We selected among the most abundant species in each major trophic group for collections and detailed investigation of demography and life history. Lutjanus bohar, the two-spot red snapper, is a common top predator that feeds on fish and invertebrates and is preyed upon only by sharks. Paracirrhites arcatus, the arc-eye hawkfish, is a mid-level predator usually associated with small branching corals, which feeds primarily on benthic crustaceans. Chromis margaritifer, the bicolor chromis, is an abundant, shoaling planktivore. Plectroglyphidodon dickii, the blackbar devil, is an omnivore that establishes territories of algal turf but also feeds on small invertebrates. Acanthurus nigricans, the whitecheek surgeonfish, is a mobile herbivore that feeds primarily on turf algae. We used a variety of methods to collect individual fish, including netting, spearing, clove oil, hook and line, and assistance from local fishers on Kiritimati, attempting in all cases to obtain a representative sample of the size range observed in the field. All collections were made on the forereefs of the two islands, between 5 and 20 m depth. Because Palmyra is a National Wildlife Refuge, we were limited to collecting no more than 50 individuals of each species at that island and sample sizes were similar at Kiritimati. See Table 1 for a summary of collections.

Table 1. Samples sizes, mean numerical densities (abundance), parameter estimates for Linf and k, and ΔAIC values for each species at each island.

Upon collection, samples were immediately transported to the lab for processing. Each specimen was weighed, measured, and sexed by gross examination of the gonads. The sagittal otoliths were removed, cleaned, and stored dry. Otolith preparation generally followed Robertson et al. [12]. Sagittal thin sections were examined under a compound microscope at 40–100× magnification using transmitted light. Annuli were interpreted using standard techniques [12] and each otolith was examined by at least two readers. When age estimates differed by more than 10%, a third reader examined the sample. When annuli were not interpretable after examination by three readers, the second sagitta was processed, and individuals for which both otoliths were unreadable were excluded from the analysis.

Statistical Analyses

We calculated station-specific estimates of density and mean length for each species from survey data.
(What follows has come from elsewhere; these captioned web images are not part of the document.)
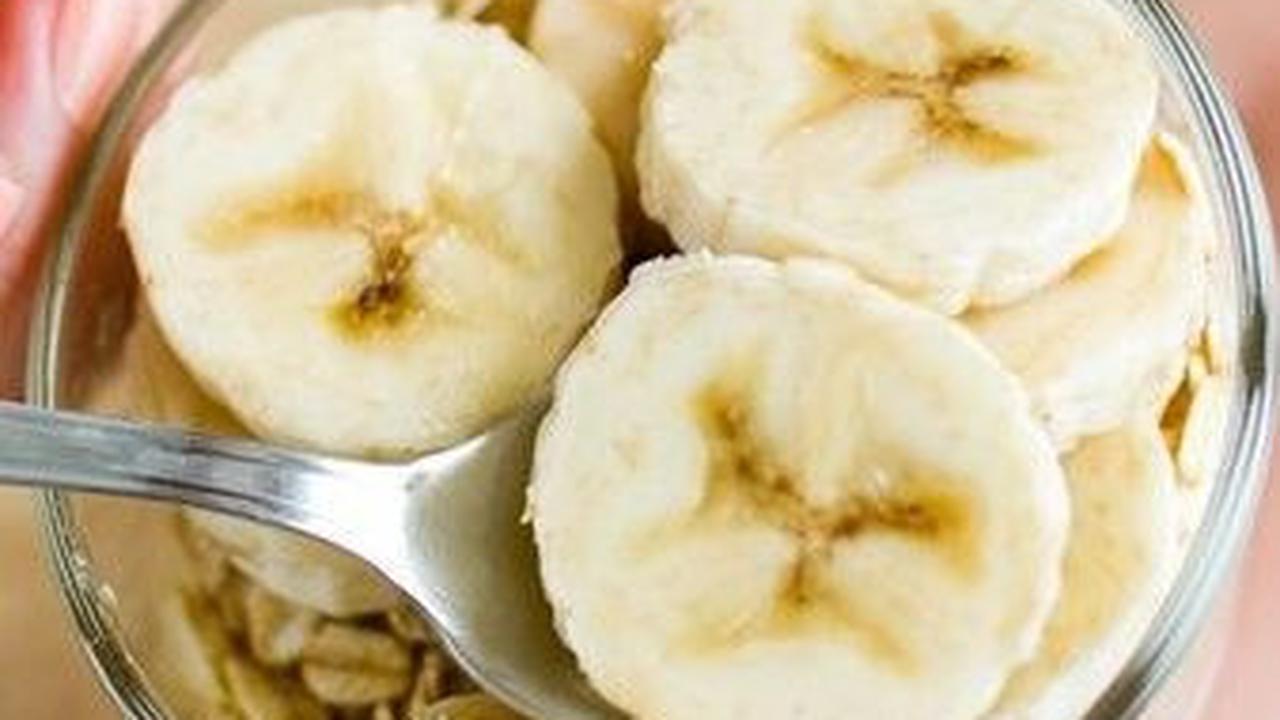 3. Pisang: Karbohidrat Kompleks untuk Kekenyangan Lebih Lama<br>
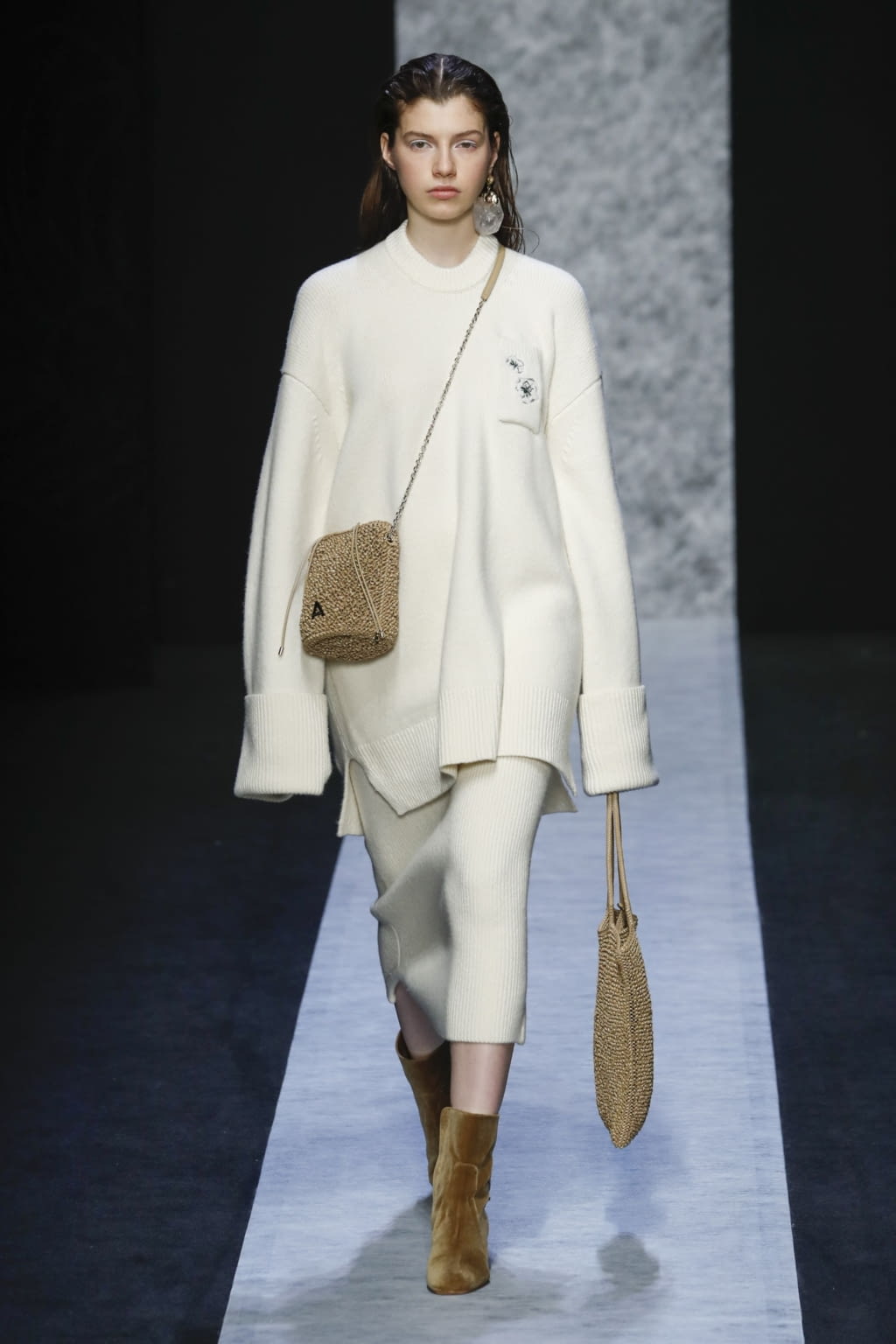 Fashion Week Milan Fall/Winter 2020 look 2 de la collection Anteprima womenswear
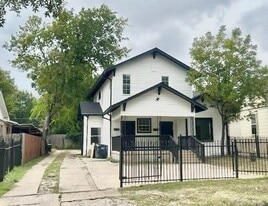 2311 Market in Fort Worth, TX - Building Photo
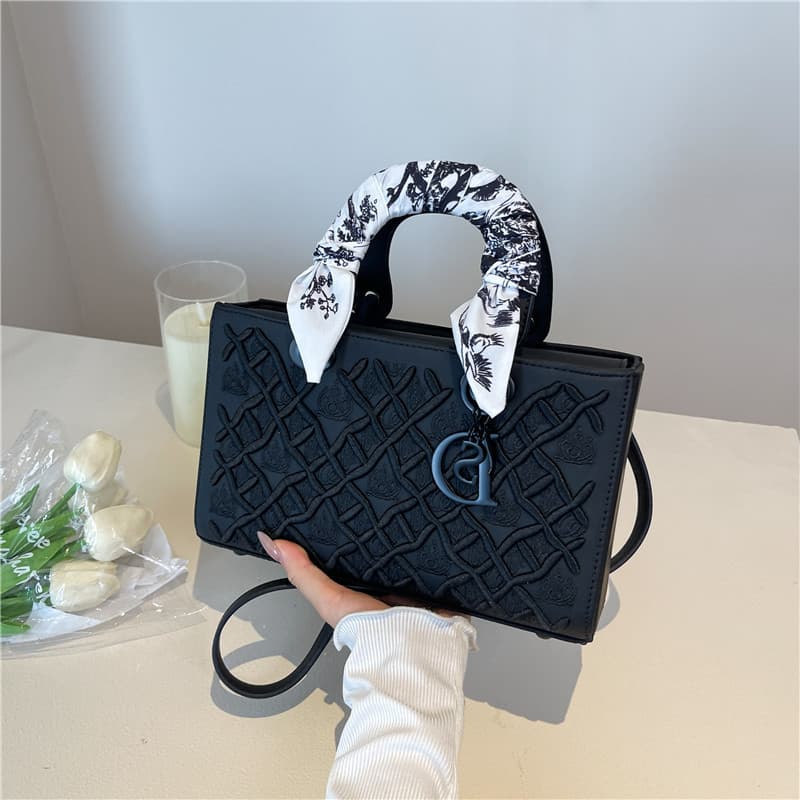 Princess Diana bag heavy industry embroidery new 2026 high-end silk scarf versatile handbag women's shoulder crossbody bag cross-border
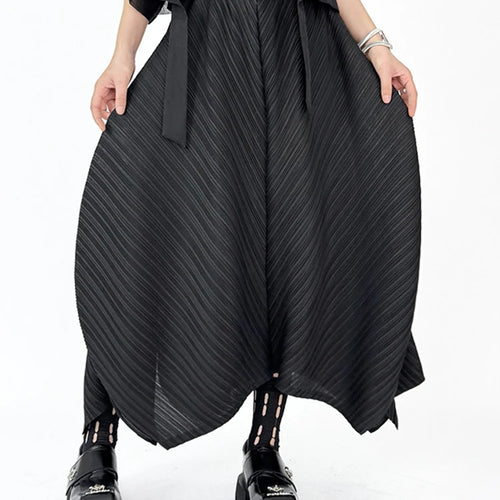 Load image into Gallery viewer, High Elastic Waist Black Pleated Irregular Shaped Bud Half-body Skirt Women Fashion Tide New Spring Autumn 2025 1DJ1411
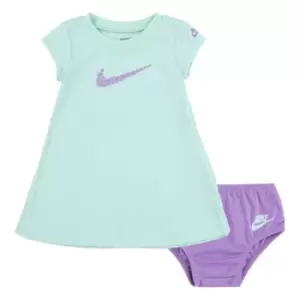 Image of Nike IC T Shirt And Shorts Set Baby Girls - Green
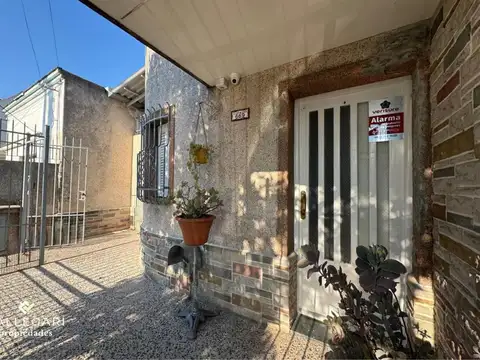 Ricardo Güiraldes 600, Piso PB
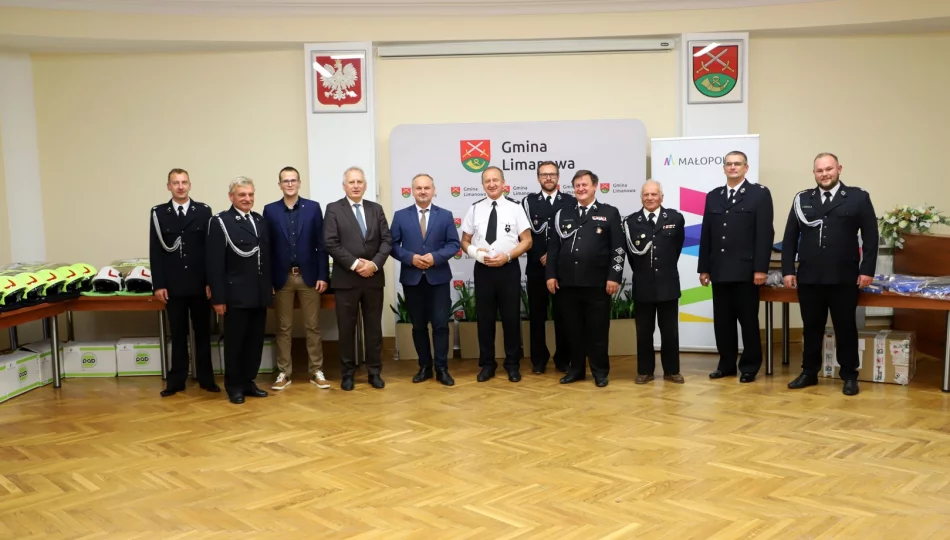 Uroczyste przekazanie umundurowania bojowego dla Ochotniczych Straży Pożarnych - zdjęcie 1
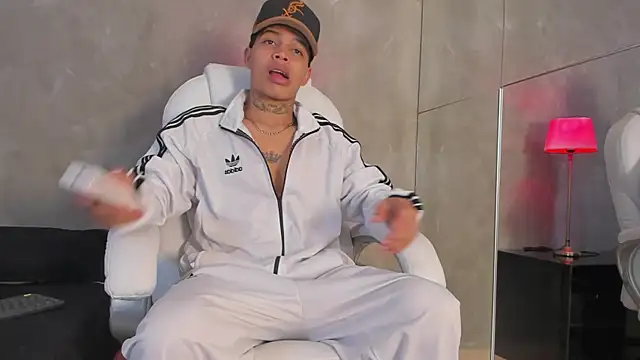 Renzo_Dogan's cam snapshot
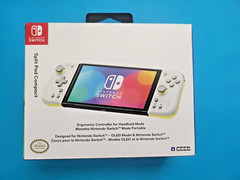 NEW – Hori – Split Pad Compact – Switch – Gray & Yellow Joy-con Replacement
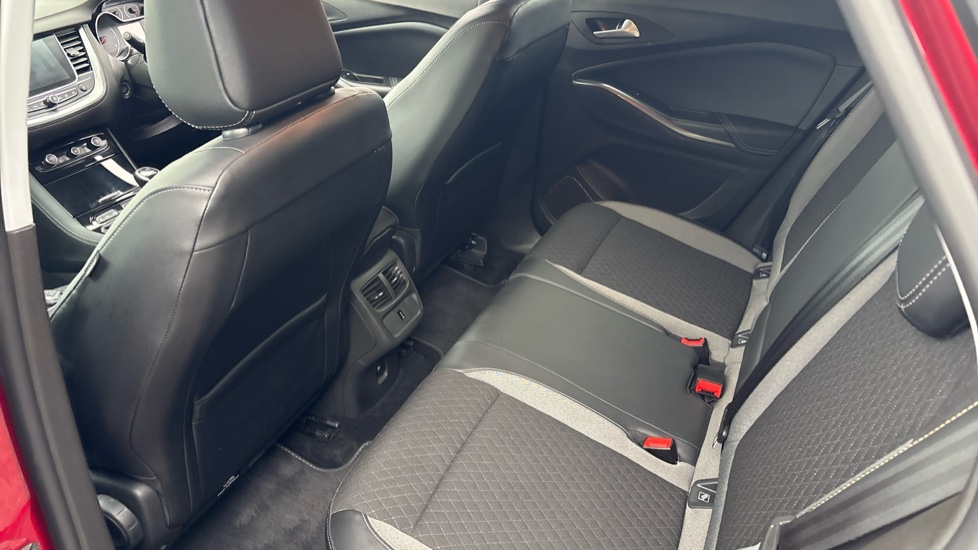 Vauxhall Grandland X 1.2 Turbo Griffin Edition 5dr Petrol Hatchback - Image 16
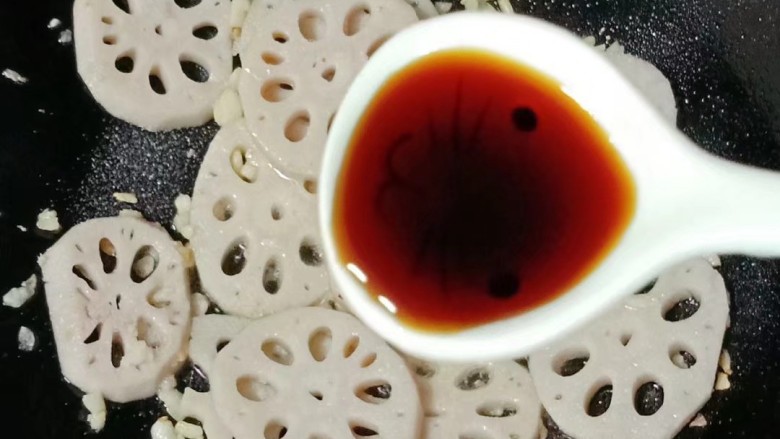 莲藕腐竹炒肉片,两勺生抽,翻炒均匀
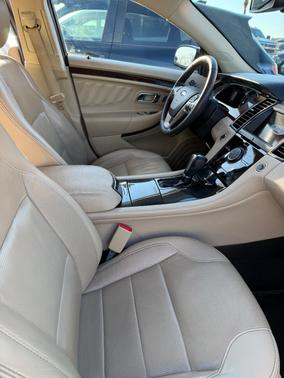 2019 Ford Taurus Limited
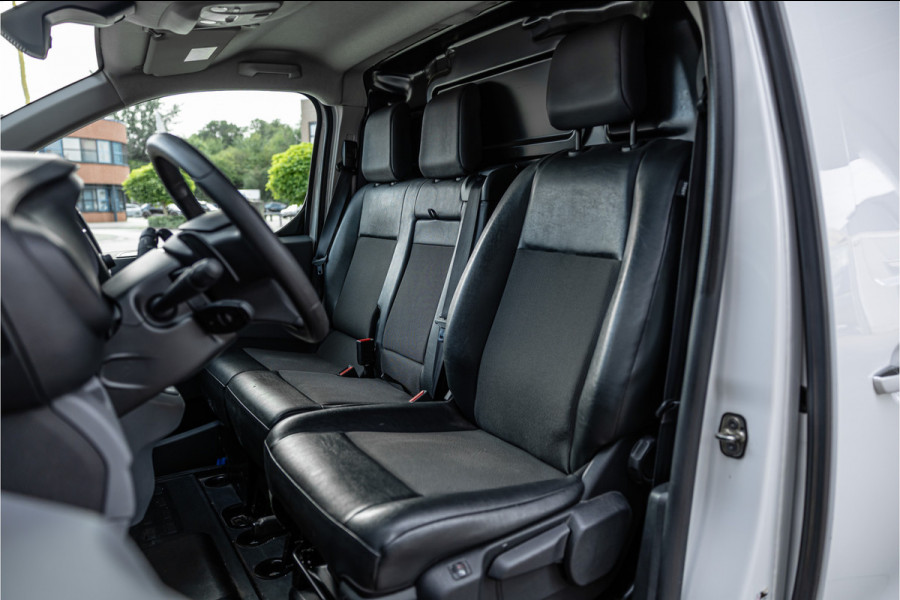 Opel Vivaro 2.0 CDTI L2H1 | L+R Schuifdeur | Automaat | CarPlay | Camera | Stoelverwarming | Trekhaak | F1 Flippers | Cruise control | Bedrijfswageninrichting | 3-Zitter | Nieuwe APK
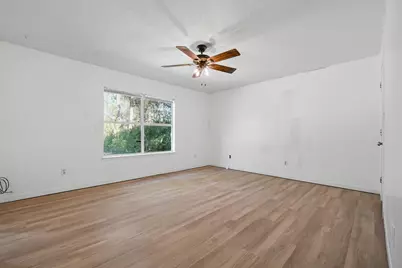 304 Wildwood Street, Mary Esther, FL 32569 - Photo 13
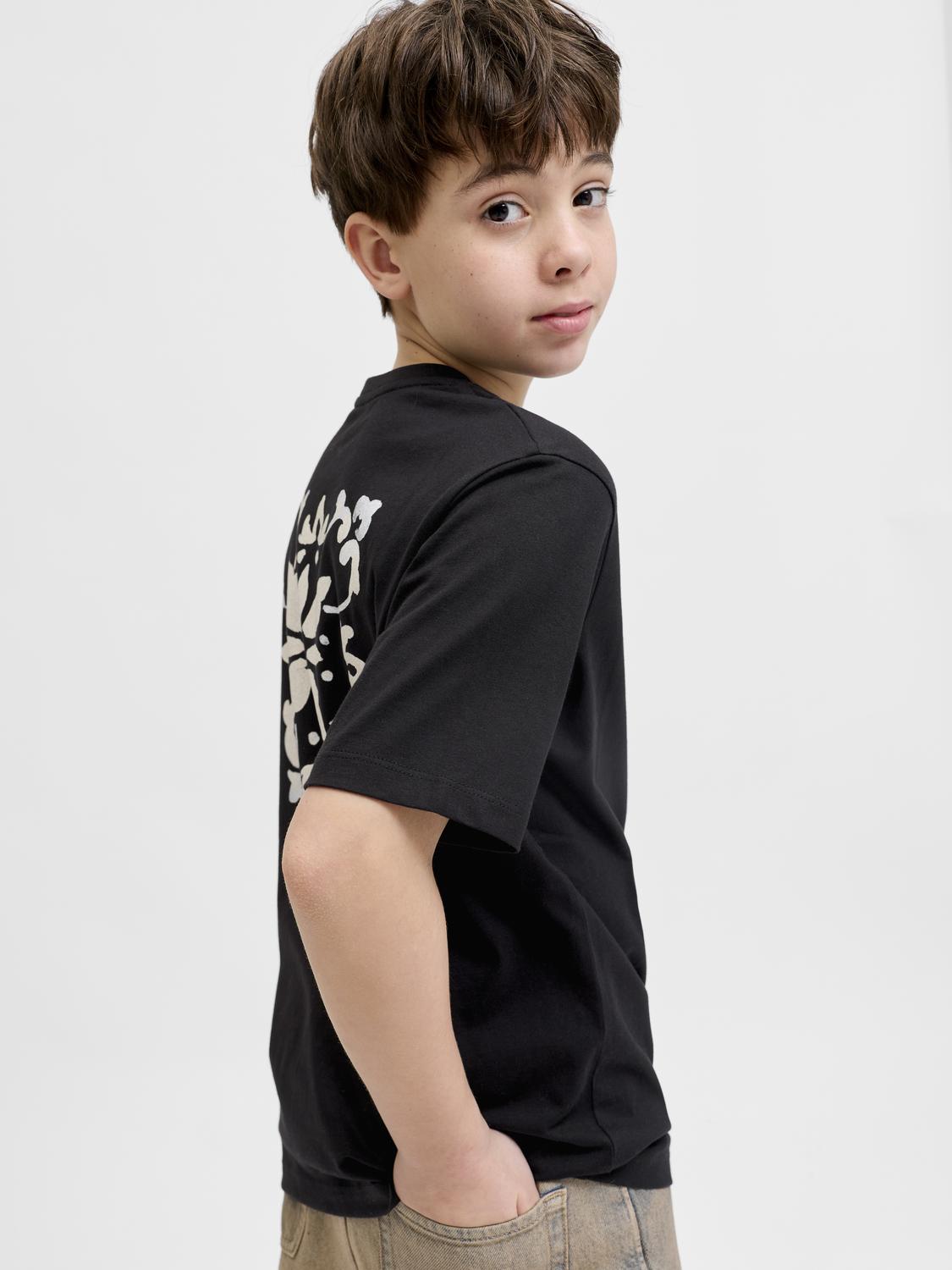 model_shot-creative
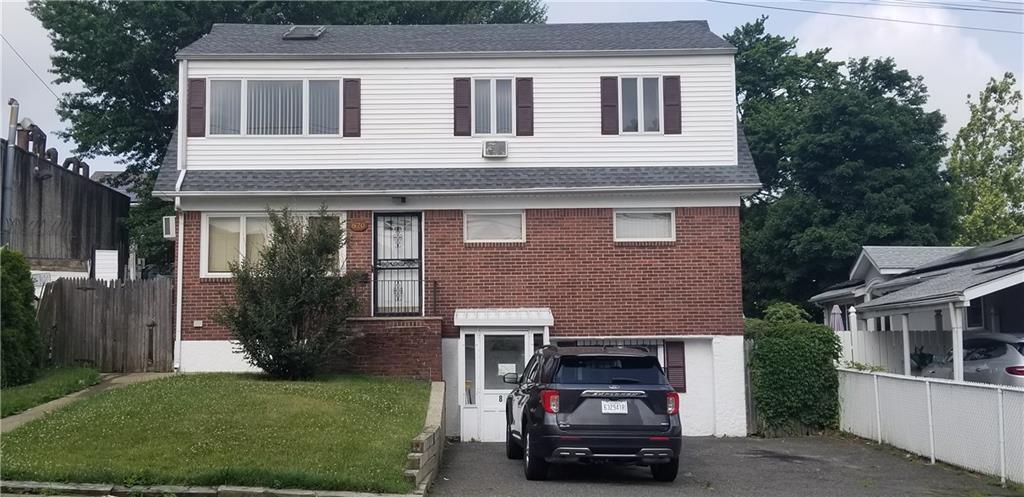 Primary Photo - 870 Manor Rd
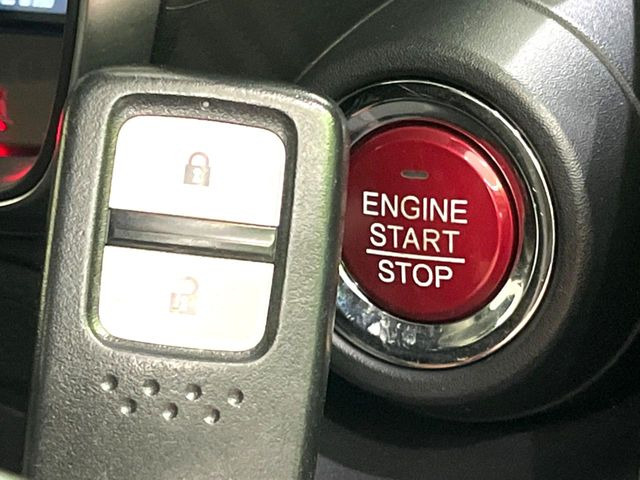 �yHonda�X�}�[�g�L�[�z�J�o����|�P�b�g�ɓ��ꂽ�܂܂ł��h�A�̎{���E�������\�ȃX�}�[�g�L�[�𑕔��B�G���W���̃I���E�I�t�����J�M�����o���K�v����������Ƃ��Ă��֗��ł���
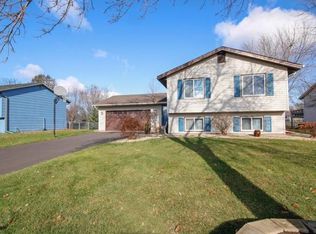 751 95th Ln NE, Blaine, MN 55434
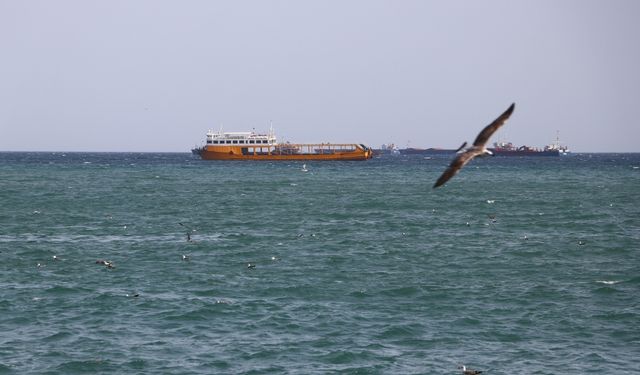 Tekirdağ'da poyraz deniz ulaşımında aksamalara neden oluyor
To test for differences between islands, we compared these values using two-sample t-tests of station-specific estimates (n = 26 for Palmyra, n = 25 for Kiritimati), using log-transformations when necessary to reduce variance heterogeneity. To examine changes in size structure across all species in the assemblage, we calculated summary statistics of fish length estimates relative to species-specific maximum lengths. For each fish counted, we converted length to a proportion (between 0 and 1) reflecting the size of the individual relative to the largest individual recorded in the region (calculated from a database of reef fish length estimates from the Northern Line Islands [18]). For example, an individual fish of length 30 cm for which the largest individual of that species was 40 cm would be assigned a value of 0.75. We computed station-specific mean estimates of length in units of standardized length (fraction of species-specific maximum length), and compared these estimates across islands for different trophic groups as described above.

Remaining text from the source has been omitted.